■ WHAT TO WORK ON
Could you retype only the lines from the one containing "There are two" through the final line of the entries, both included, skipping any images?

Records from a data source
= = = = =

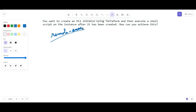The steps you can take are: first, create the EC2 instance, and after that we will use the remote-exec provisioner in which we will write some shell script commands.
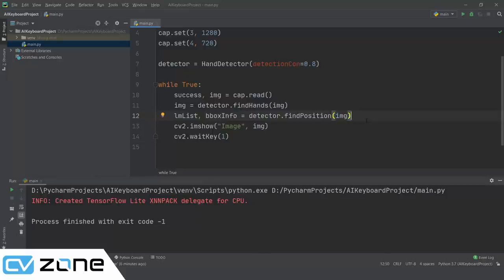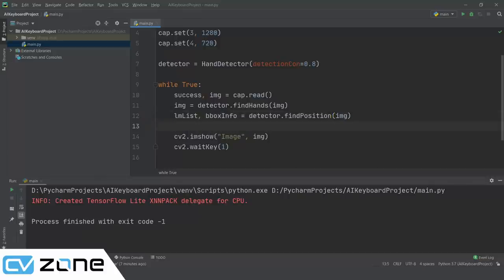There are two methods to create buttons. The first is to take an image, manually find the x and y positions of each key, and tell the program to check those coordinates for finger proximity. The problem with this approach is that if you scale or change the image, you have to manually redo all the coordinates — a very tedious method. Instead, we will create rectangles using OpenCV functions, put text inside them, and treat them as buttons, keeping things simple with OpenCV as default.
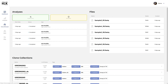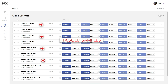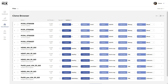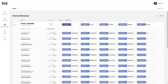The clone browser is the core of the IGX platform. Each entry represents a sample along with its associated annotation tags. To view all clones or clonotypes in a sample, click on the triangular widget on the left to expand the sample.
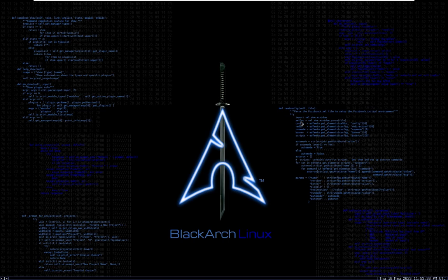Hello everyone, welcome back to another tutorial. In today's video we are going to explore an incredible tool called Evil Limiter. Evil Limiter is a network bandwidth limitation and control tool that allows you to manage network traffic effectively. If you want to prioritize certain devices or restrict bandwidth for other users, Evil Limiter is there for you.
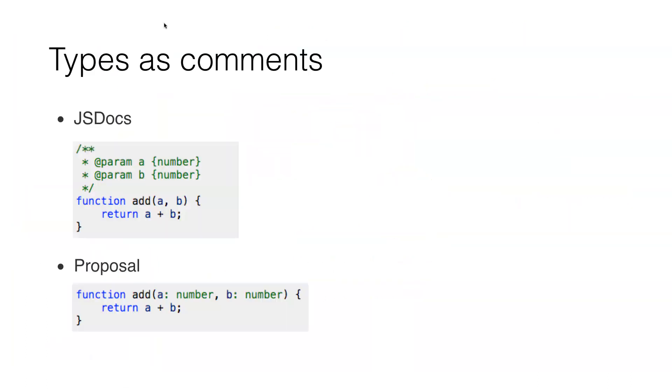So if we then go to this one, types as comments, you can already do some kind of typing in JavaScript and you can do that with just comments. Like within JSDocs you can just put there your annotation of your types and then you can use it.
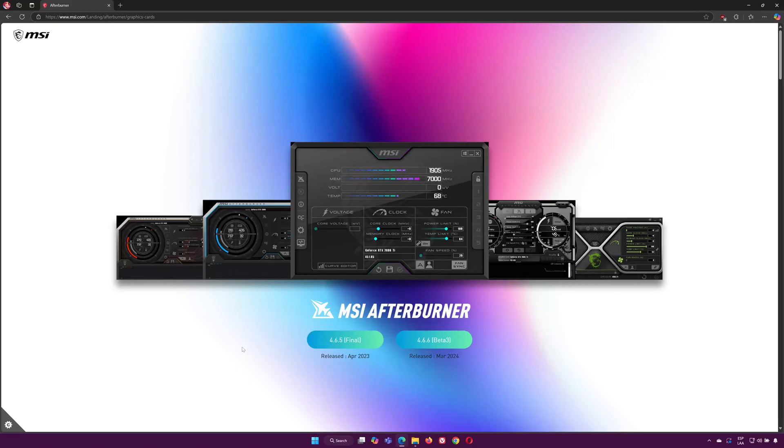First, to change your fan speed, download MSI Afterburner. You'll find the link in the description below.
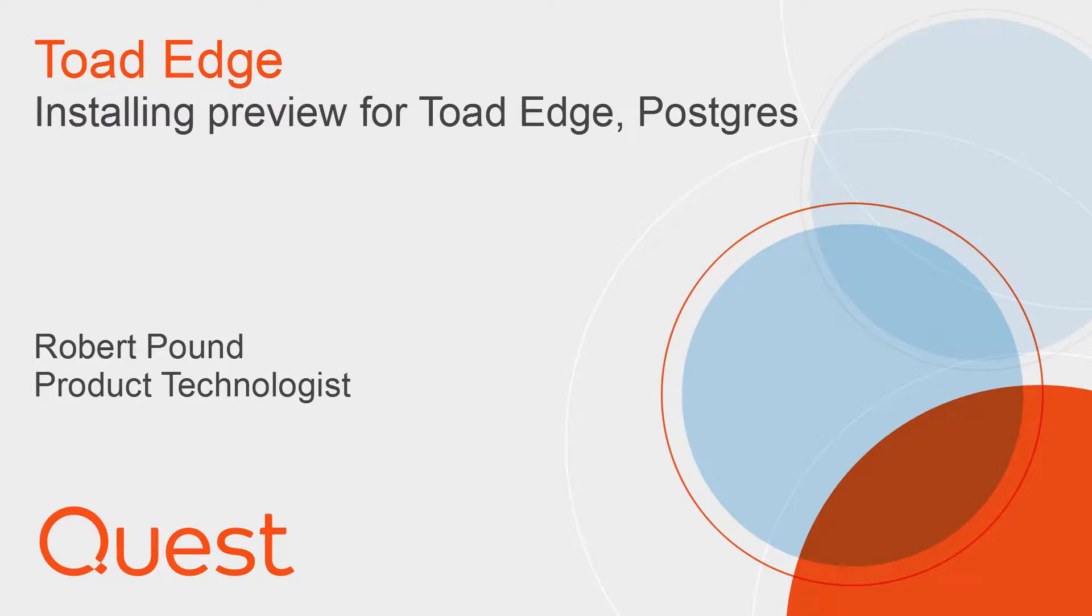Hello data people, my name is Robert Pound and I am a product technologist for Quest. In this video, I will show you how to download and install the preview for Toad Edge Postgres.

= = = = =

■ RESPONSE
There are two methods to create buttons. The first is to take an image, manually find the x and y positions of each key, and tell the program to check those coordinates for finger proximity. The problem with this approach is that if you scale or change the image, you have to manually redo all the coordinates — a very tedious method. Instead, we will create rectangles using OpenCV functions, put text inside them, and treat them as buttons, keeping things simple with OpenCV as default.
The clone browser is the core of the IGX platform. Each entry represents a sample along with its associated annotation tags. To view all clones or clonotypes in a sample, click on the triangular widget on the left to expand the sample.
Hello everyone, welcome back to another tutorial. In today's video we are going to explore an incredible tool called Evil Limiter. Evil Limiter is a network bandwidth limitation and control tool that allows you to manage network traffic effectively. If you want to prioritize certain devices or restrict bandwidth for other users, Evil Limiter is there for you.
So if we then go to this one, types as comments, you can already do some kind of typing in JavaScript and you can do that with just comments. Like within JSDocs you can just put there your annotation of your types and then you can use it.
First, to change your fan speed, download MSI Afterburner. You'll find the link in the description below.
Hello data people, my name is Robert Pound and I am a product technologist for Quest. In this video, I will show you how to download and install the preview for Toad Edge Postgres.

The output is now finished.